• Aim of the task:
No pictures, nothing altered: return the data below.

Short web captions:
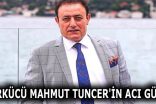 TÜRKÜCÜ MAHMUT TUNCER’İN ACI GÜNÜ!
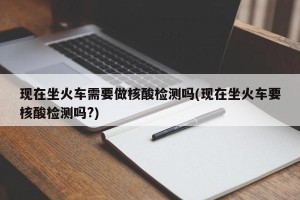 现在坐火车需要做核酸检测吗(现在坐火车要核酸检测吗?)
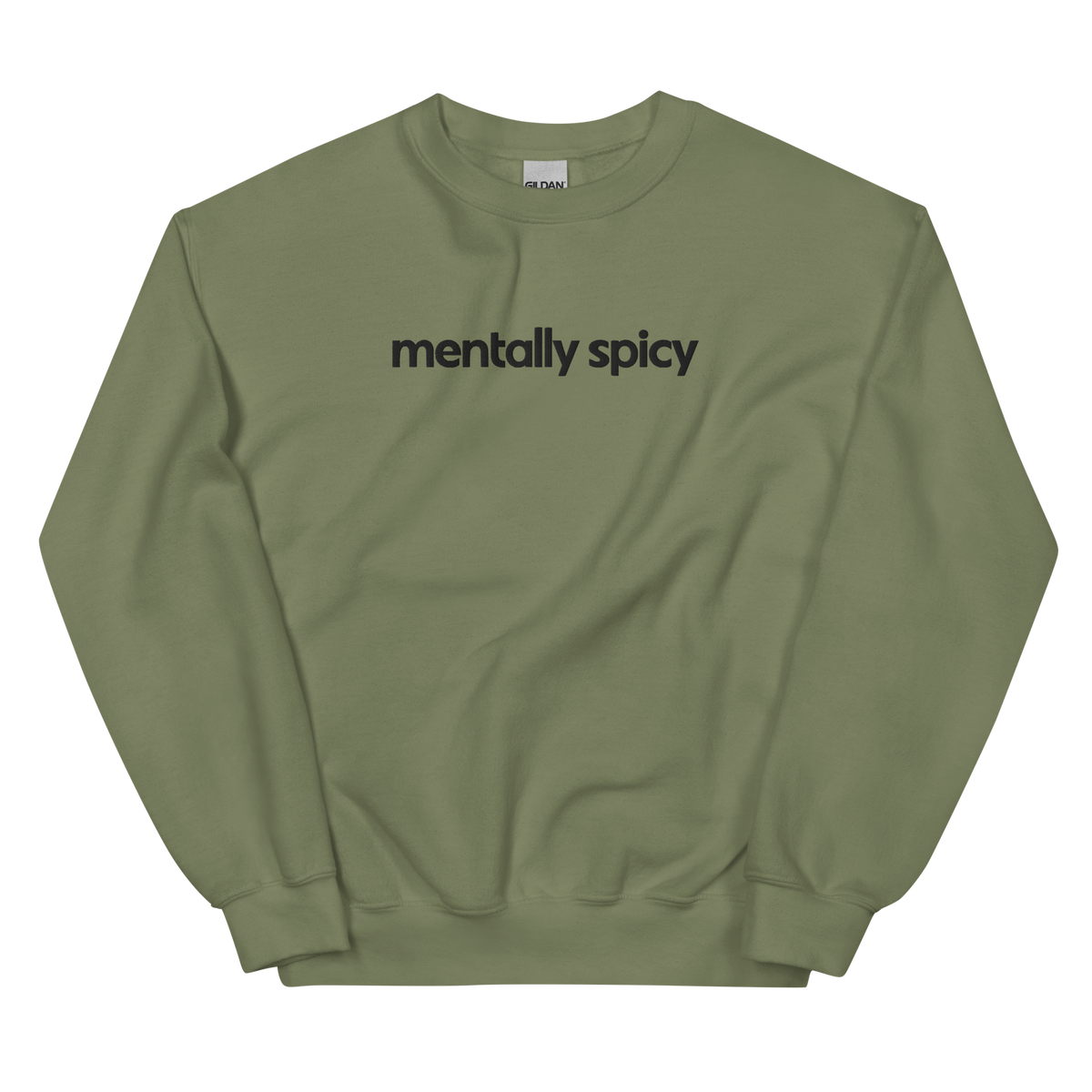 Mentally Spicy graphic on Gildan 18000 in Military Green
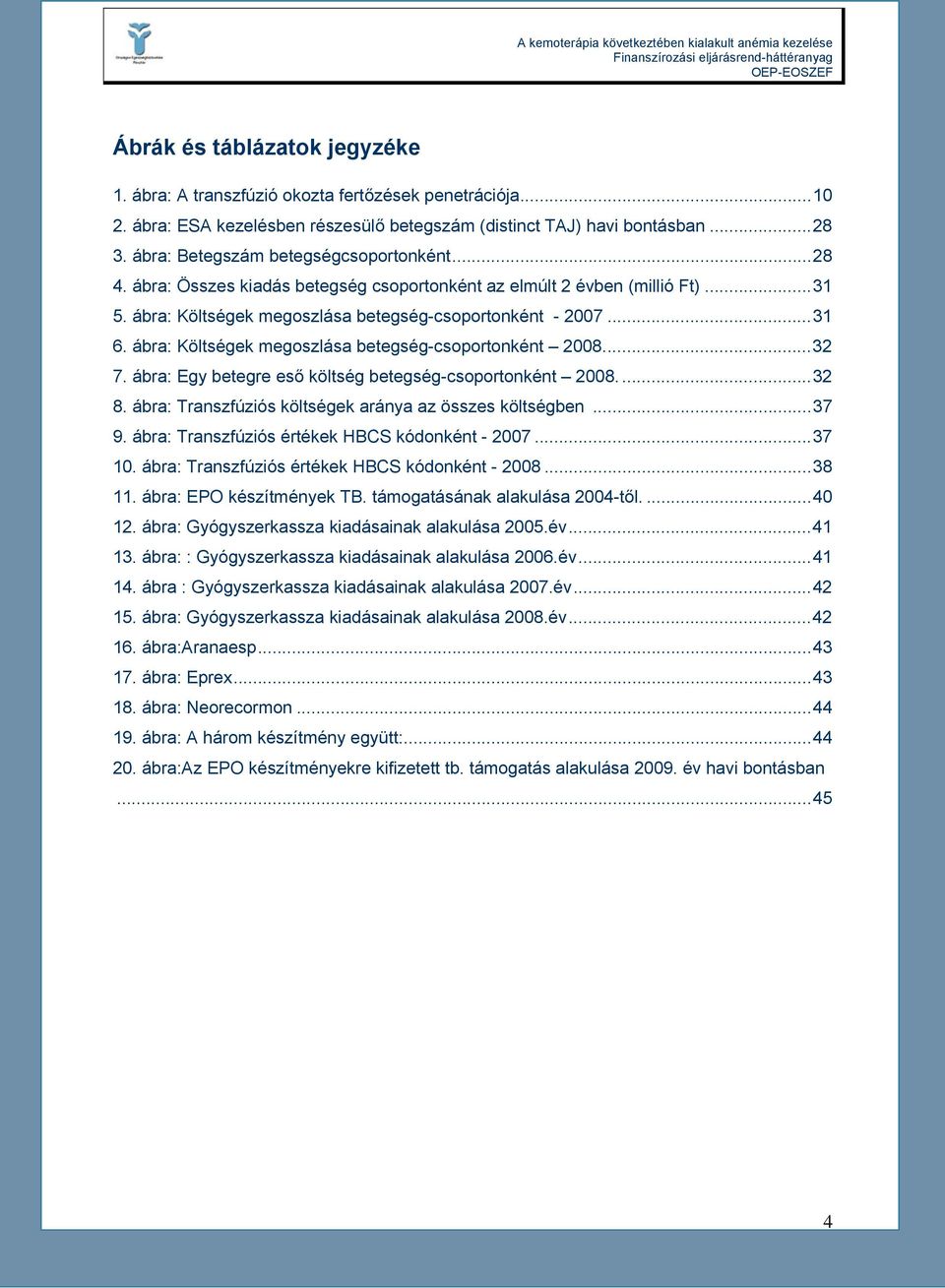 ábra: Költségek megoszlása betegség-csoportonként 2008...32 7. ábra: Egy betegre eső költség betegség-csoportonként 2008....32 8. ábra: Transzfúziós költségek aránya az összes költségben...37 9.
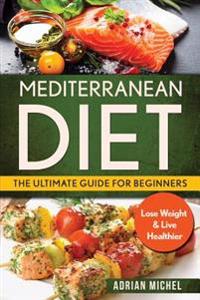 Mediterranean Diet: The Ultimate Guide for Beginners: Lose Weight & Live Healthier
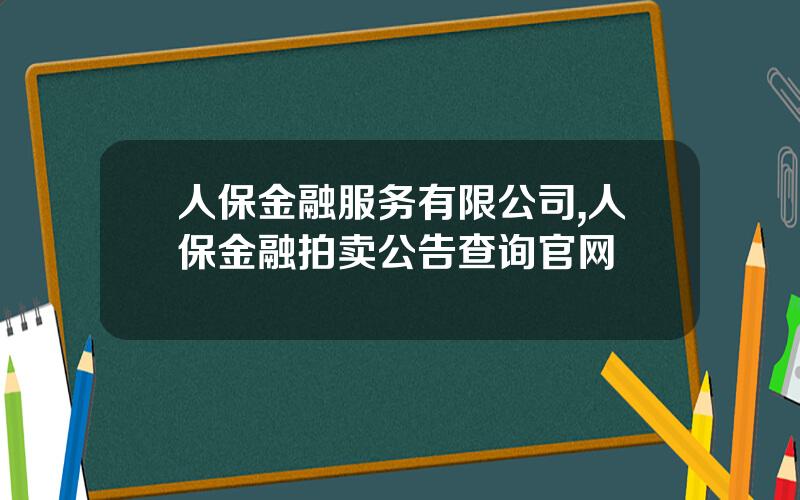 人保金融服务有限公司,人保金融拍卖公告查询官网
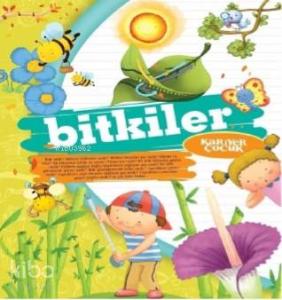Bitkiler; Ne ? Nedir ?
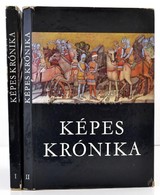 Képes Krónika. 1-2. Köt. Bp., 1964, Magyar Helikon. Vászonkötésben, Papír Védőborítóval, Jó állapotban. - Ohne Zuordnung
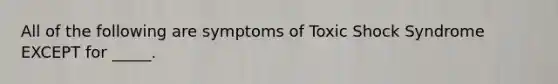 All of the following are symptoms of Toxic Shock Syndrome EXCEPT for _____.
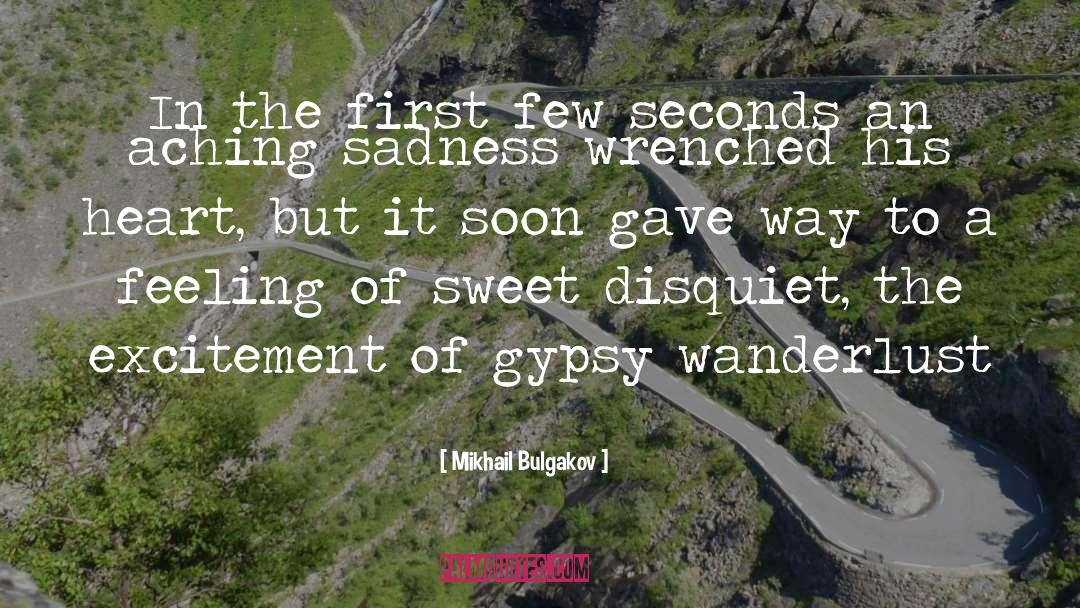 Biking Wanderlust quotes by Mikhail Bulgakov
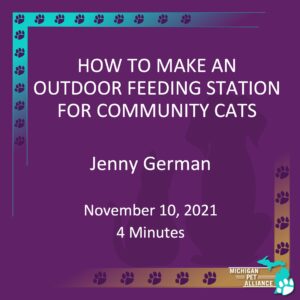 How to make an outdoor feeding station for community cats Jenny German Nov. 10, 2021 Runtime: 4 minutes
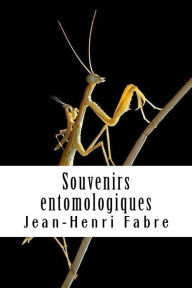 Title: Souvenirs entomologiques: Livre VIII, Author: Jean-Henri Fabre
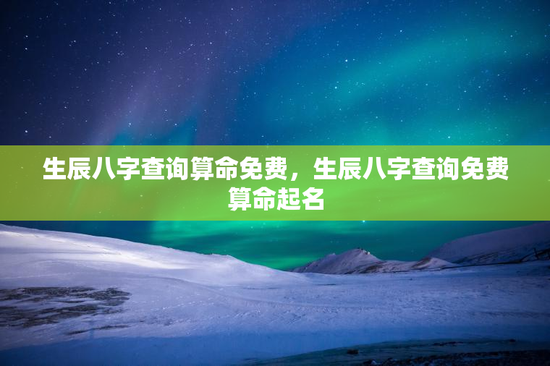 生辰八字查询算命免费，生辰八字查询免费算命起名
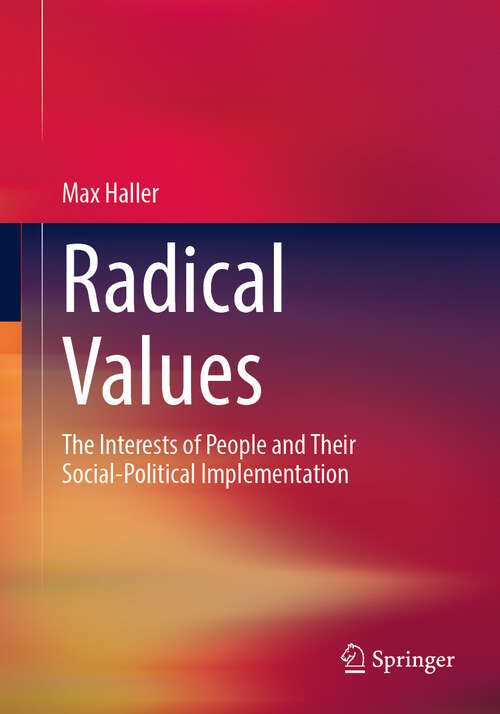 Book cover of Radical Values: The Interests of People and Their Social-Political Implementation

• Problem solution:
 TÜRKÜCÜ MAHMUT TUNCER’İN ACI GÜNÜ!
 现在坐火车需要做核酸检测吗(现在坐火车要核酸检测吗?)
 Mentally Spicy graphic on Gildan 18000 in Military Green
 ábra: Költségek megoszlása betegség-csoportonként 2008...32 7. ábra: Egy betegre eső költség betegség-csoportonként 2008....32 8. ábra: Transzfúziós költségek aránya az összes költségben...37 9.
 Mediterranean Diet: The Ultimate Guide for Beginners: Lose Weight & Live Healthier
 人保金融服务有限公司,人保金融拍卖公告查询官网
Bitkiler; Ne ? Nedir ?
 Képes Krónika. 1-2. Köt. Bp., 1964, Magyar Helikon. Vászonkötésben, Papír Védőborítóval, Jó állapotban. - Ohne Zuordnung
 All of the following are symptoms of Toxic Shock Syndrome EXCEPT for _____.
 Biking Wanderlust quotes by Mikhail Bulgakov
 How to make an outdoor feeding station for community cats Jenny German Nov. 10, 2021 Runtime: 4 minutes
 Title: Souvenirs entomologiques: Livre VIII, Author: Jean-Henri Fabre
 生辰八字查询算命免费，生辰八字查询免费算命起名
 Book cover of Radical Values: The Interests of People and Their Social-Political Implementation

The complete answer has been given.